- [ACTIVITY]:
Print out every entry, keeping each line identical to the original.

- [DATA FOR THIS TASK]:
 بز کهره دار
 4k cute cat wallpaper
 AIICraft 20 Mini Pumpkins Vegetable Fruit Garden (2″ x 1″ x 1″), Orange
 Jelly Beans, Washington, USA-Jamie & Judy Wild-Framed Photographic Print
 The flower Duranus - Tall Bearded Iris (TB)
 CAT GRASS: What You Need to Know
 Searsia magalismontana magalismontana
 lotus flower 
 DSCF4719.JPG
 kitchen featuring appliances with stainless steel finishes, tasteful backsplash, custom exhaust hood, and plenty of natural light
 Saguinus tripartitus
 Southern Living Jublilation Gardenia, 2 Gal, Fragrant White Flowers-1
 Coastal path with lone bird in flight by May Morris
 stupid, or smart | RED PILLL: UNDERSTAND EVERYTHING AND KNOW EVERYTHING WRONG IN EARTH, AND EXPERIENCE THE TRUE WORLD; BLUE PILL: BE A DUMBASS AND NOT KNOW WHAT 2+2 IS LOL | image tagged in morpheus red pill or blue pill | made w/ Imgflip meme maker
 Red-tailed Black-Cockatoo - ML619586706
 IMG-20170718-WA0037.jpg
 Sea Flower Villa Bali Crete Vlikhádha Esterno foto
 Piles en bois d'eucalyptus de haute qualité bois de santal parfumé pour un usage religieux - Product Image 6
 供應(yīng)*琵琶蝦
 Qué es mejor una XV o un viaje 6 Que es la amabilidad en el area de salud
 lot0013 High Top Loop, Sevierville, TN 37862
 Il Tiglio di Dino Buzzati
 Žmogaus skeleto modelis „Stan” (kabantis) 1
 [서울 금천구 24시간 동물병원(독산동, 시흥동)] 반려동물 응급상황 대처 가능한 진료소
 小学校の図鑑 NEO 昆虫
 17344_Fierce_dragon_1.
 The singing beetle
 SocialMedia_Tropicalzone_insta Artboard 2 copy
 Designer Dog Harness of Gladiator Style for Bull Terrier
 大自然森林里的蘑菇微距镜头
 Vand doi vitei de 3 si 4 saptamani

- [THE COMPLETED TASK]:
 بز کهره دار
 4k cute cat wallpaper
 AIICraft 20 Mini Pumpkins Vegetable Fruit Garden (2″ x 1″ x 1″), Orange
 Jelly Beans, Washington, USA-Jamie & Judy Wild-Framed Photographic Print
 The flower Duranus - Tall Bearded Iris (TB)
 CAT GRASS: What You Need to Know
 Searsia magalismontana magalismontana
 lotus flower 
 DSCF4719.JPG
 kitchen featuring appliances with stainless steel finishes, tasteful backsplash, custom exhaust hood, and plenty of natural light
 Saguinus tripartitus
 Southern Living Jublilation Gardenia, 2 Gal, Fragrant White Flowers-1
 Coastal path with lone bird in flight by May Morris
 stupid, or smart | RED PILLL: UNDERSTAND EVERYTHING AND KNOW EVERYTHING WRONG IN EARTH, AND EXPERIENCE THE TRUE WORLD; BLUE PILL: BE A DUMBASS AND NOT KNOW WHAT 2+2 IS LOL | image tagged in morpheus red pill or blue pill | made w/ Imgflip meme maker
 Red-tailed Black-Cockatoo - ML619586706
 IMG-20170718-WA0037.jpg
 Sea Flower Villa Bali Crete Vlikhádha Esterno foto
 Piles en bois d'eucalyptus de haute qualité bois de santal parfumé pour un usage religieux - Product Image 6
 供應(yīng)*琵琶蝦
 Qué es mejor una XV o un viaje 6 Que es la amabilidad en el area de salud
 lot0013 High Top Loop, Sevierville, TN 37862
 Il Tiglio di Dino Buzzati
 Žmogaus skeleto modelis „Stan” (kabantis) 1
 [서울 금천구 24시간 동물병원(독산동, 시흥동)] 반려동물 응급상황 대처 가능한 진료소
 小学校の図鑑 NEO 昆虫
 17344_Fierce_dragon_1.
 The singing beetle
 SocialMedia_Tropicalzone_insta Artboard 2 copy
 Designer Dog Harness of Gladiator Style for Bull Terrier
 大自然森林里的蘑菇微距镜头
 Vand doi vitei de 3 si 4 saptamani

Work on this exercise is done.